Unladen, heedless, unbent,
I never had known
That the fardel borne by each wight forlorn
Held something that was my own,—
Something he bore for me
With a patient ignorance,
While my footsteps lay as a blur on his way,
And hindered his soul's advance.
Just it was that on me
Some sorrow should fall;
No trouble alone is the trouble of one,
But each has a share in all.
And if on my aching neck
Another his burden laid,
Strength given for his day then he threw away,
Wherewith I was stronger made.
I know that we are not here
For our selfish ease;

177

The kingliest One that the earth has known
Lived not himself to please.
And they who have learned of him
How a burden can give rest,
And joyfully share the great human care,—
They have learned life's secret best.
But now late afternoon had changed to gold
The rippling silver of the Merrimack,
And the gay company, in twos and threes,
Gathered around the girls for parting.

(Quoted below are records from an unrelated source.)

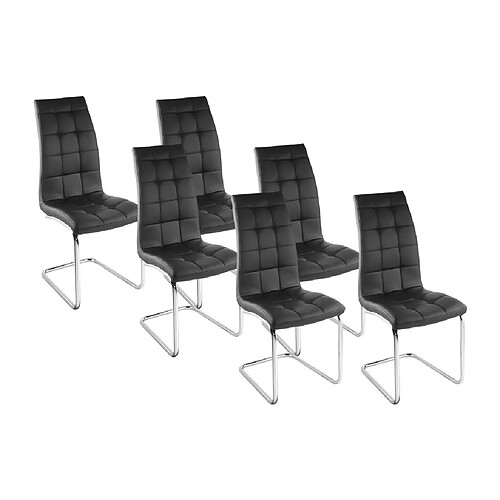 Vente-Unique Lot de 6 chaises NADYA - Simili - Noir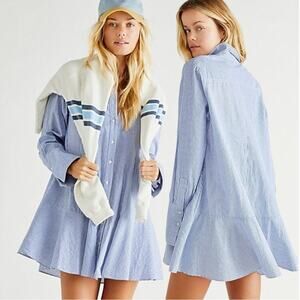 Free People All For You Striped Shirt Dress Large Blue White Stripe Preppy Beach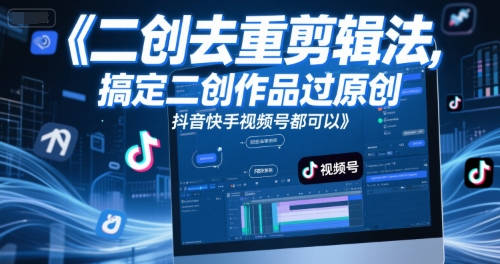 短视频二创去重剪辑法，搞定二创作品过原创，抖音快手视频号都可以-洛柒笔记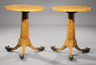 A pair of Biedermeier Karelian birch occasional tables, 19th c., possibly Russian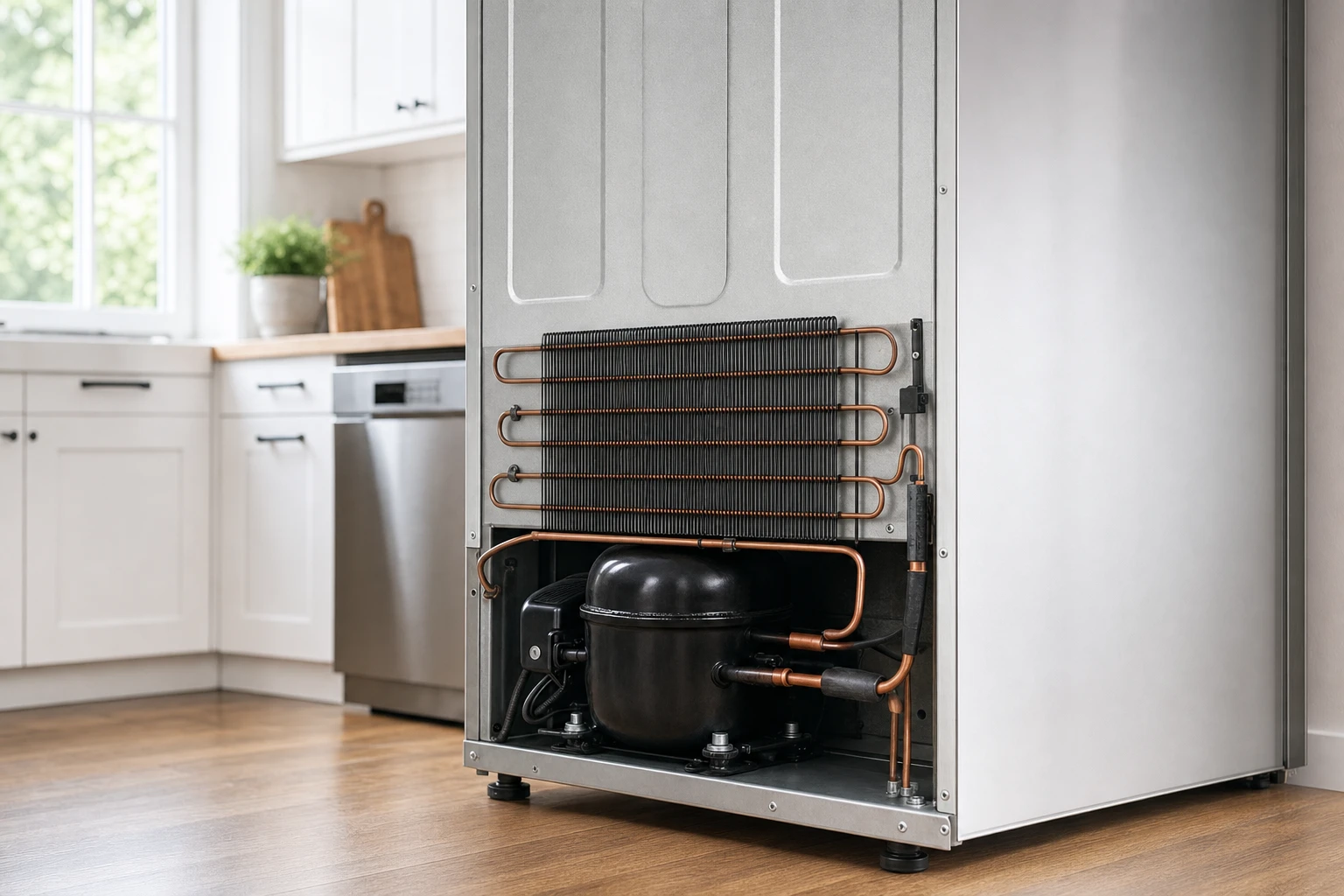 Back view of stainless steel upright freezer showing compressor unit and copper condenser coils in a modern white kitchen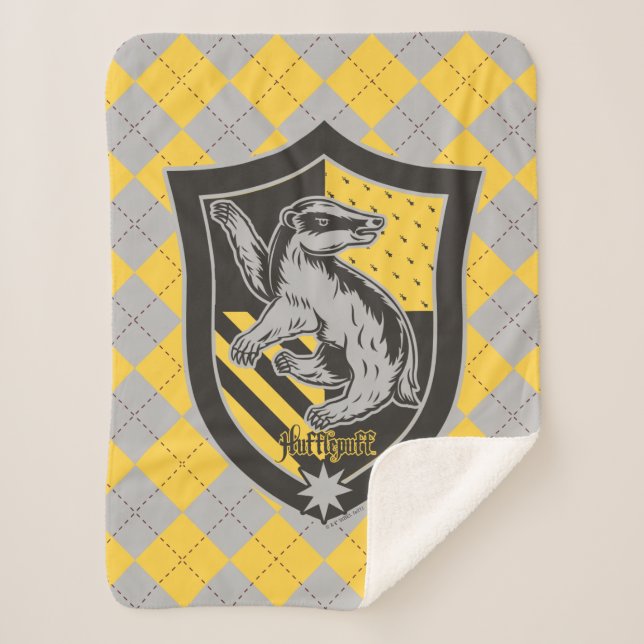 Harry Potter | Hufflepuff House Pride Wappen Sherpadecke (Vorderseite)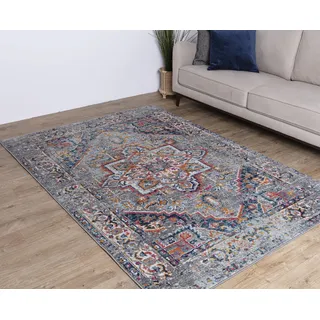 Asiatic Edits Hochflor Vintage Earth Grey Multi Indoor Teppich für Wohnzimmer, Schlafzimmer, Wintergarten, Flur, große Fläche, leicht zu reinigen, fusselfrei, 120 x 170 cm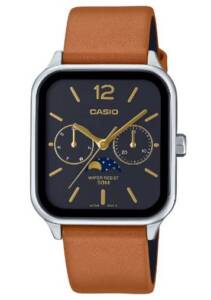 CASIO MTP-M305L-1AVDF MOON PHASE UNISEX CLASSIC ANALOGUE BROWN LEATHER WATCH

This,
A holiday of love and of regret,
A score or two had taken, the intimates
Of one or all.
Turn forward, leaves of fate!
There 's one will go among the Cherokees,
A mission-teacher. At the Capitol
One will be seen, bride of a Senator.
A country and a city parsonage
Await those grave-eyed sisters. Alice, there,
Will sail with her proud Captain round the globe,
While little Ann paints pictures with her pen.
That broad-browed, delicate girl will carve, at Rome,
Faces in marble, classic as her own.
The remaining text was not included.